(Beginning of Data segment)
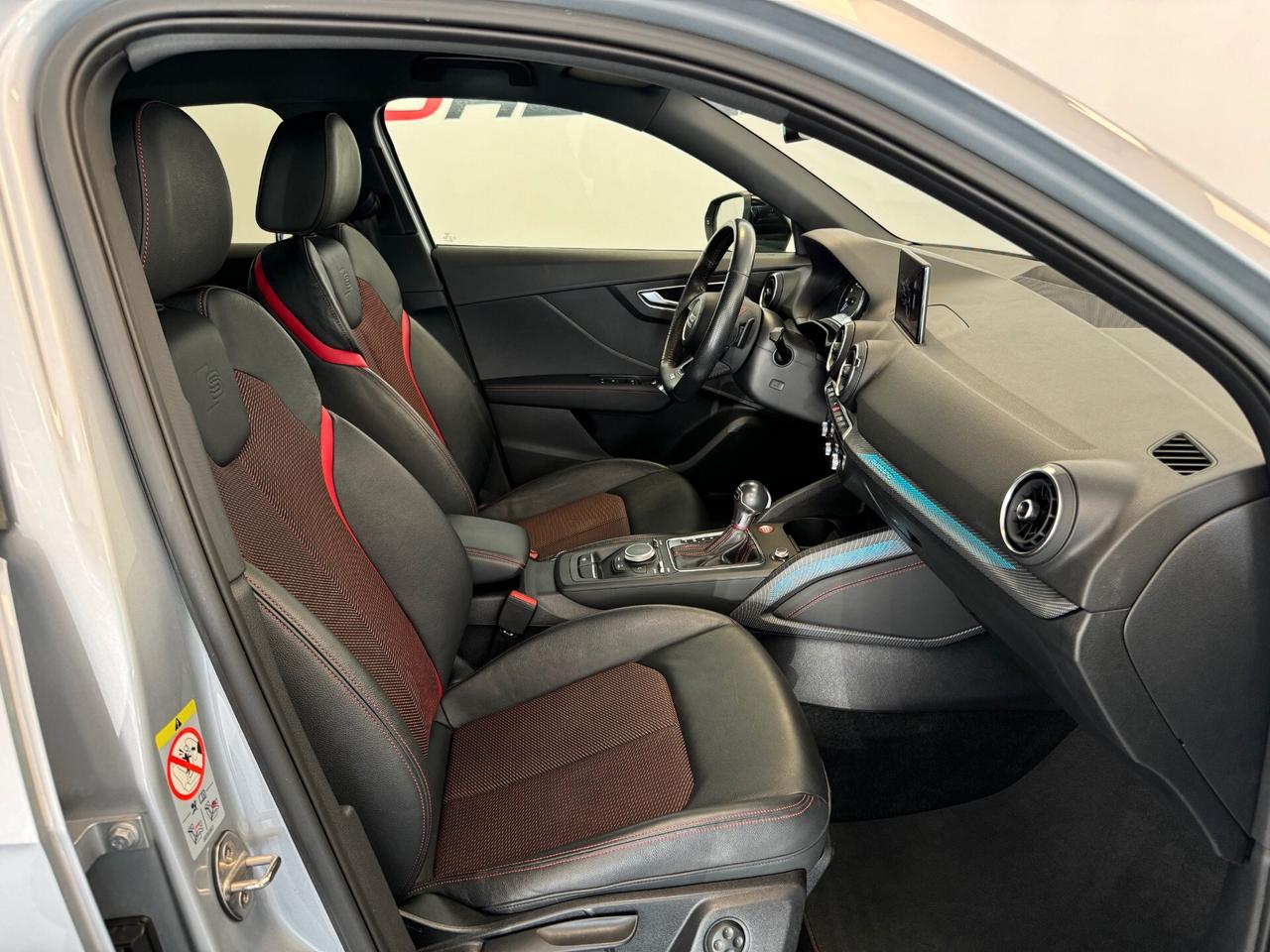 Audi Q2 SQ2 TFSI quattro S tronic sport attitude 19" UNIPROP.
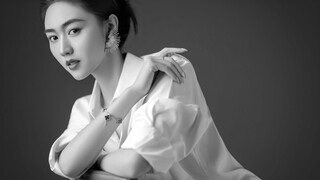 Girls' greasy photo poses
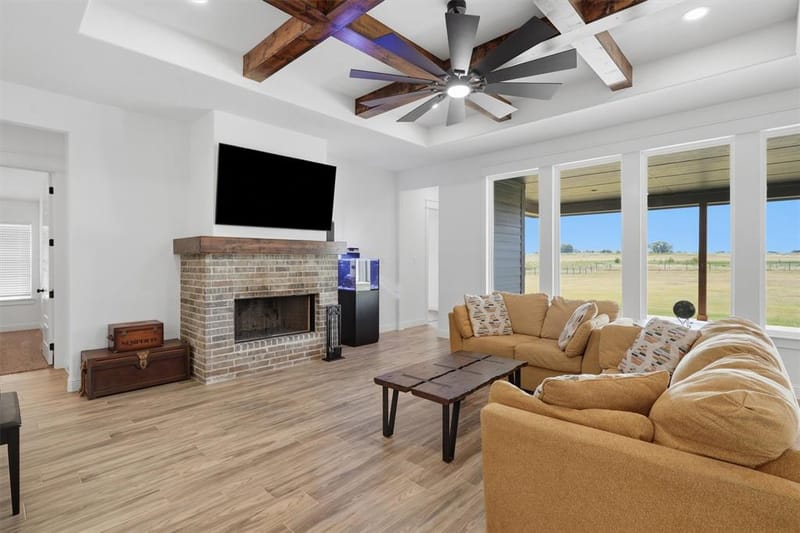 6941 Eagle Creek Drive, Godley TX 76044 - Photo 8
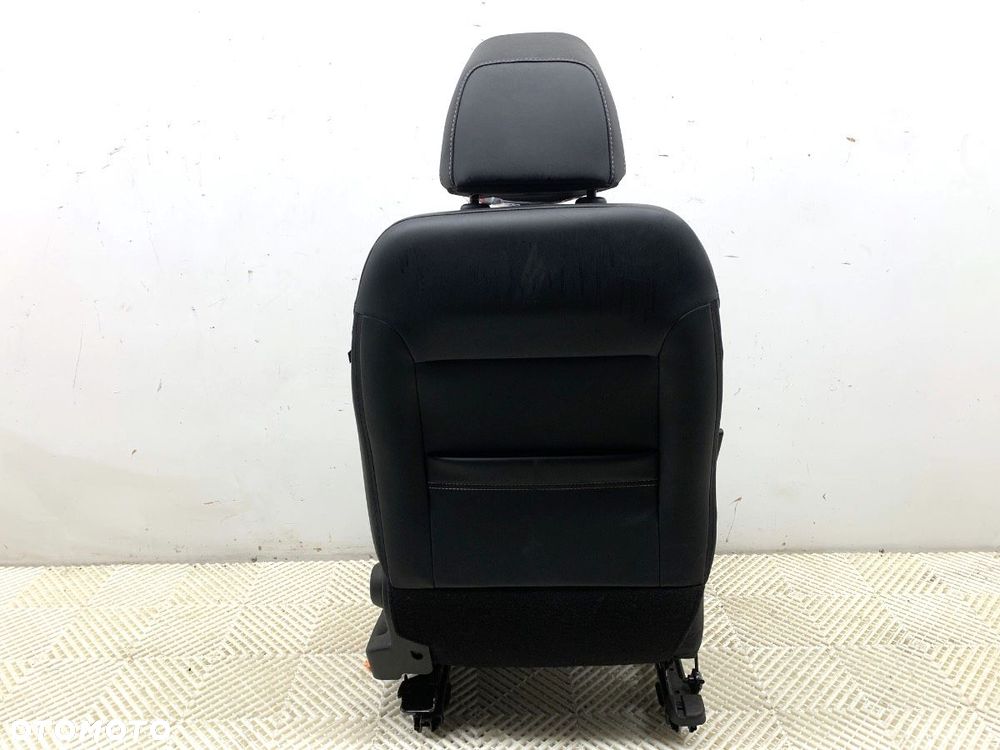 FOTEL LEWY PRZÓD  RENAULT MEGANE IV sedan 2016 - 2022 1.3 TCe 140 (LVNB) 103 kW [140 KM] benzyna - 6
(End of Data segment)
What you will do ->
Before copying the material, set its pictures aside; then transcribe it word for word.

Task solution ->
 Audi Q2 SQ2 TFSI quattro S tronic sport attitude 19" UNIPROP.
 Girls' greasy photo poses
 6941 Eagle Creek Drive, Godley TX 76044 - Photo 8
 FOTEL LEWY PRZÓD  RENAULT MEGANE IV sedan 2016 - 2022 1.3 TCe 140 (LVNB) 103 kW [140 KM] benzyna - 6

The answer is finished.